Summary: US CPI up 0.3% in December, above expectations; “core” rate also up 0.3%; Citi: core CPI at 3-4% annualized pace for past 5 months; Treasury yields down, especially at short end; rate-cut expectations harden; Citi: core goods prices weak, services inflation consistently much stronger; prices of non-energy services main driver again.
The annual rate of US inflation as measured by changes in the consumer price index (CPI) halved from nearly 3% in the period from July 2018 to February 2019. It then fluctuated in a range from 1.5% to 2.0% through 2019 before rising above 2.0% in the final months of that year. Substantially lower rates were reported from March 2020 to May 2020 and they remained below 2% until March 2021. Rates then rose significantly before declining from mid-2022.
The latest US CPI figures released by the Bureau of Labor Statistics indicated seasonally-adjusted consumer prices rose by 0.3% on average in December. The increase was above the 0.2% rise which had been generally expected as well as November’s 0.1%. However, on a 12-month basis, the inflation rate accelerated from 3.1% to 3.3%.
“Headline” inflation is known to be volatile and so references are often made to “core” inflation for analytical purposes. The core prices index, the index which excludes the more variable food and energy components, also increased by 0.3% on a seasonally-adjusted basis over the month, in line with expectation. The annual growth rate slowed from 4.0% to 3.9%.
“Core CPI has been running around a 3-4% annualized pace for the last five months, with a 0.31% increase in December that was somewhat stronger than our 0.26% forecast,” said Citi economist Veronica Clark.
US Treasury bond yields fell on the day, especially at the short end. By the close of business, the 2-year Treasury yield had shed 11bps to 4.26%, the 10-year yield had lost 6bps to 3.98% while the 30-year yield finished 2bps lower at 4.19%.
In terms of US Fed policy, expectations of a lower federal funds rate in the next 12 months hardened. At the close of business, contracts implied the effective federal funds rate would average 5.32% in February, 1bp less than the current spot rate, 5.255% in March and 5.14% in April. January 2025 contracts implied 3.785%, 155bps less than the current rate.
“Details underlying core inflation have also been very similar month to month; core goods prices remain weak but services inflation, for both shelter and non-shelter services, is consistently much stronger, ” Clark added.

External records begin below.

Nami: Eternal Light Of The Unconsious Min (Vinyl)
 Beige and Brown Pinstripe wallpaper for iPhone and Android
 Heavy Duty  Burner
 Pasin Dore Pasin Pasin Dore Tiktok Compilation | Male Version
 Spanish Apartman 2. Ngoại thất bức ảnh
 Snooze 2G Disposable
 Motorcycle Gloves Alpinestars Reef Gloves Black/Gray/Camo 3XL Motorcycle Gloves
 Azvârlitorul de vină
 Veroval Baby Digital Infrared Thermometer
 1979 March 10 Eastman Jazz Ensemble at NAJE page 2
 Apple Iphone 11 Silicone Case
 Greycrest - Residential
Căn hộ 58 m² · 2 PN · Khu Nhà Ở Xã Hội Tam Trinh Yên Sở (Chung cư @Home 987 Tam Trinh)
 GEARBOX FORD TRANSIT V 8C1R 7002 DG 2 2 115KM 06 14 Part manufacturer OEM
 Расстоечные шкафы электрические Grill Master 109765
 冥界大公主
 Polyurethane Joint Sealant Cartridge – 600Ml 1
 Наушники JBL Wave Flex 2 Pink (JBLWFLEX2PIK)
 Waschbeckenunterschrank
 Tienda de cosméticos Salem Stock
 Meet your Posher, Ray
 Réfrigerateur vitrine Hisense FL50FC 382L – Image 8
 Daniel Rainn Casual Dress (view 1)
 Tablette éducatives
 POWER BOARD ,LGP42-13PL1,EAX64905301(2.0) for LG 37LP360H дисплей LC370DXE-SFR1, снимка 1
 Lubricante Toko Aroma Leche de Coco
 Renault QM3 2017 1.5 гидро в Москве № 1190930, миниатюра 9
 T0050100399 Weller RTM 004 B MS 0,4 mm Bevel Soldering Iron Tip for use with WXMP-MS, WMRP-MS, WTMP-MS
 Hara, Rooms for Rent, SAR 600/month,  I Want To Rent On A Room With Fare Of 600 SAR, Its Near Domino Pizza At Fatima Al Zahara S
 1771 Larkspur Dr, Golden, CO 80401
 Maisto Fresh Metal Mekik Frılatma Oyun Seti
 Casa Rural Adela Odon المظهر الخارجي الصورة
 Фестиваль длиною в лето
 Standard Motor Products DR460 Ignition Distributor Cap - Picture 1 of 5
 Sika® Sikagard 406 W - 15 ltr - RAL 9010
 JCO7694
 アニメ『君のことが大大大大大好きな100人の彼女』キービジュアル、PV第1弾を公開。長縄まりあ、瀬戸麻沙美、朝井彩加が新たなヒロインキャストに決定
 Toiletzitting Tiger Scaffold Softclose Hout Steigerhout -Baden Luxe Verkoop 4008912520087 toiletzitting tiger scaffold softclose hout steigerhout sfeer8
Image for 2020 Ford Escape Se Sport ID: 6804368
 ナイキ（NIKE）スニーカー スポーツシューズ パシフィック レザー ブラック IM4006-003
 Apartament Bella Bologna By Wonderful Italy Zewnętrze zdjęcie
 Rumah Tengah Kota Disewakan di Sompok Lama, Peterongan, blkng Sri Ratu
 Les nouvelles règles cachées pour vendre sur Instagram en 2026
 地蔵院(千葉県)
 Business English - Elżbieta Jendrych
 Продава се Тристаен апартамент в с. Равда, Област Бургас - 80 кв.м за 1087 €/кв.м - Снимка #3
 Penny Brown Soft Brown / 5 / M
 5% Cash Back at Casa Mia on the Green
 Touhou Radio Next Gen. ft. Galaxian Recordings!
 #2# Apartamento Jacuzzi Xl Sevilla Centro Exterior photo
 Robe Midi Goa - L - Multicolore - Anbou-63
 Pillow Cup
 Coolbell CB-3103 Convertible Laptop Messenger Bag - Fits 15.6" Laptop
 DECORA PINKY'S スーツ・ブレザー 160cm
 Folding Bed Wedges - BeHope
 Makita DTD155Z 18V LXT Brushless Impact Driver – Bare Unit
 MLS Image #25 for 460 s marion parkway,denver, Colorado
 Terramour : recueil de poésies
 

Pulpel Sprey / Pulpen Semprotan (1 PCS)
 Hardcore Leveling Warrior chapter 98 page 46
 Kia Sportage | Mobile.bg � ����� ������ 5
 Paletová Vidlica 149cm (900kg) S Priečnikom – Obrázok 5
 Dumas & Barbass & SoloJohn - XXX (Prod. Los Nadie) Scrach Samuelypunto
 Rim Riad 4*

The largest influence on headline results is often the change in fuel prices. Prices of “Energy commodities”, the segment which contains vehicle fuels, decreased by 0.1% and contributed zero percentage points to the total. However, prices of non-energy services, the segment which includes actual and implied rents, again had the largest effect on the total, adding 0.24 percentage points after increasing by 0.4% on average.